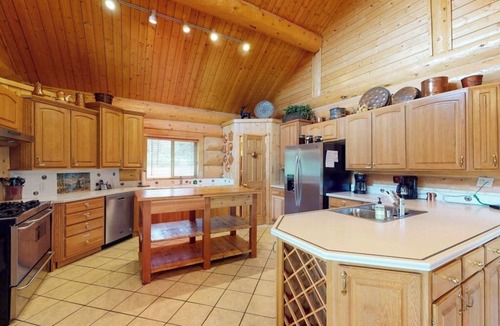 San Juan River Village Cabin | Beautiful Riverfront Log Cabin with Mountain Views, Firepit, and Gas Grill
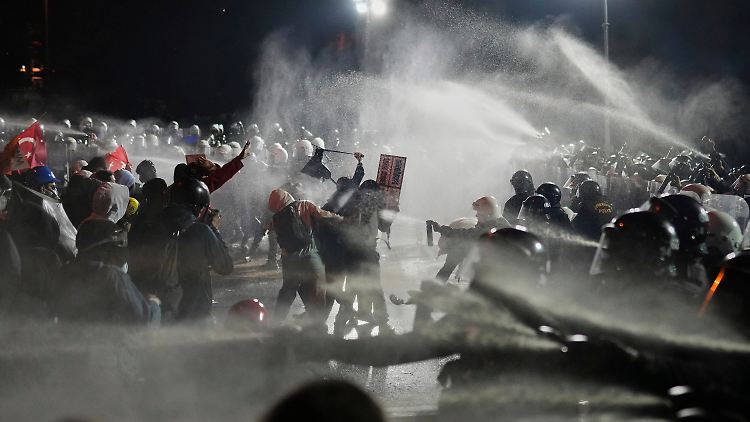 Abertausende protestieren vor Istanbuls Stadtverwaltung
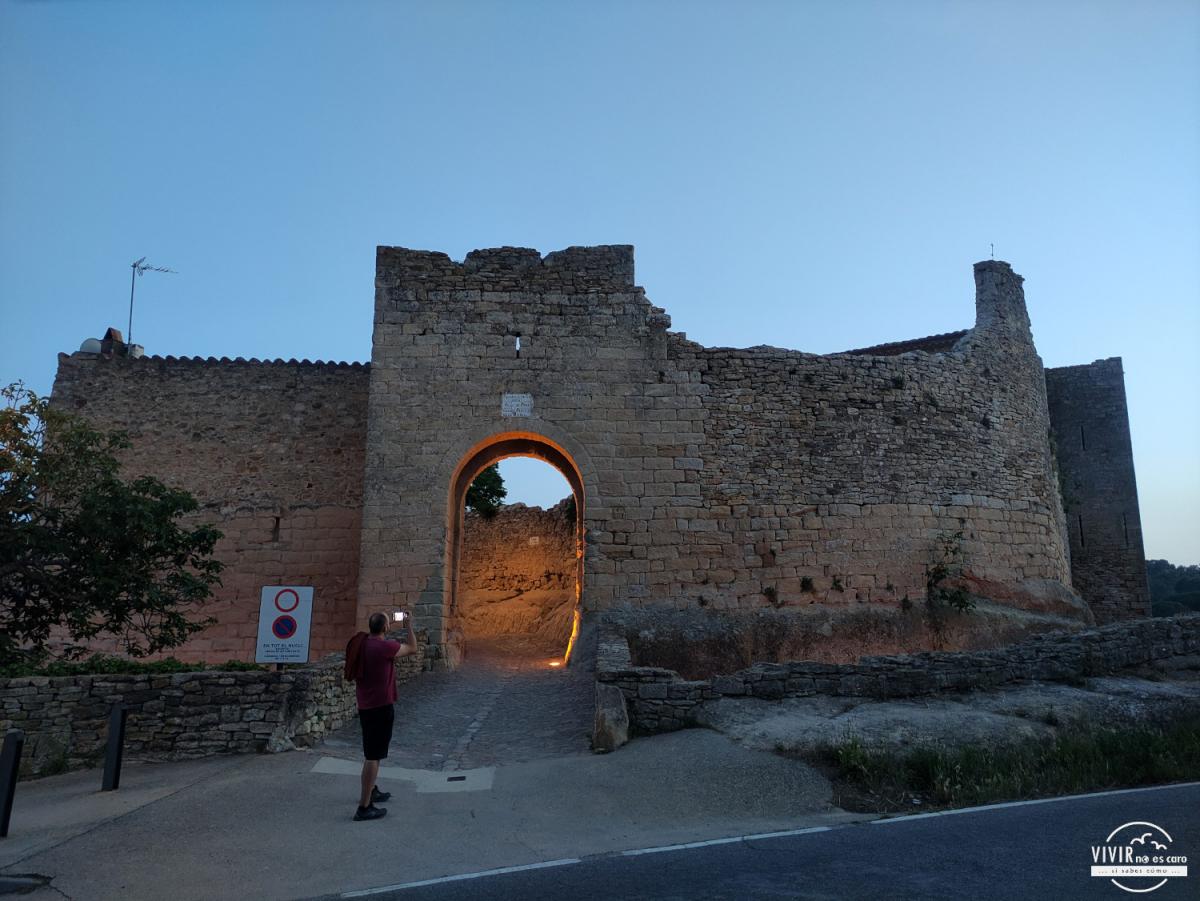 Puerta de la Virgen (Peratallada, Gerona)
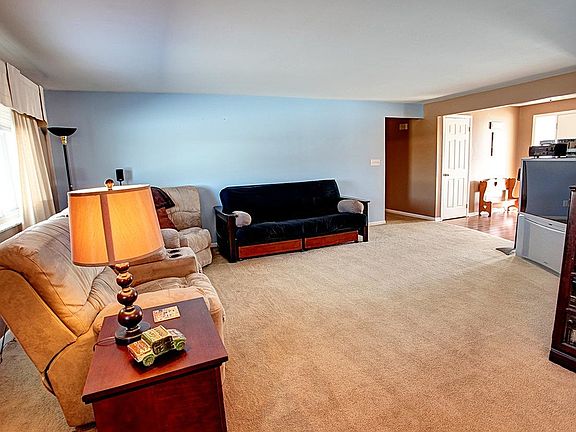 4th image of 8100 Beechcreek Dr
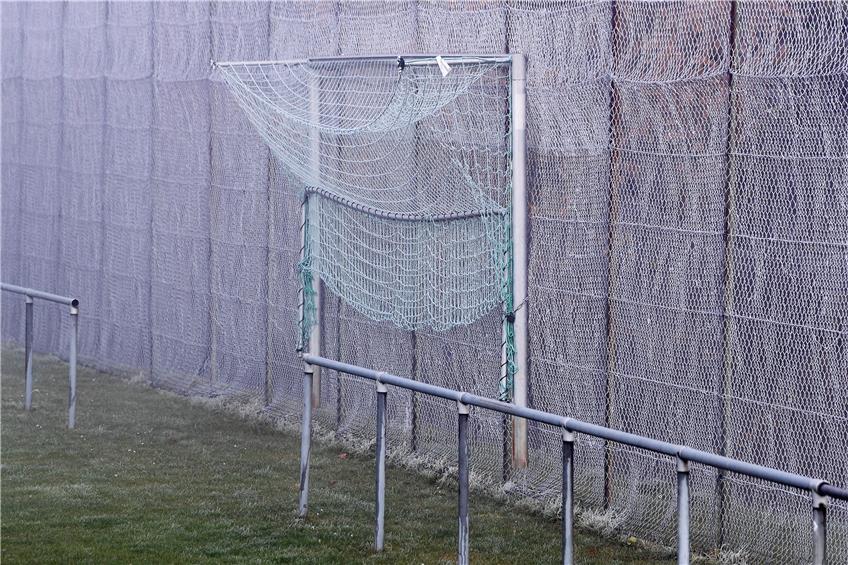 Ob die Fußball-Tore 2020 noch mal gebraucht werden? In Rottenburg-Eckenweiler sind zumindest die Netze noch nicht abgebaut. Bild: Ulmer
● ● ●
§ Problem to solve
All that is needed is the span from the line with "Puerta de la Virgen (Peratallada, Gerona)" through the last line of the material above, reproduced exactly and free of pictures.

§ Result for this task
 Puerta de la Virgen (Peratallada, Gerona)
 4th image of 8100 Beechcreek Dr
 Ob die Fußball-Tore 2020 noch mal gebraucht werden? In Rottenburg-Eckenweiler sind zumindest die Netze noch nicht abgebaut. Bild: Ulmer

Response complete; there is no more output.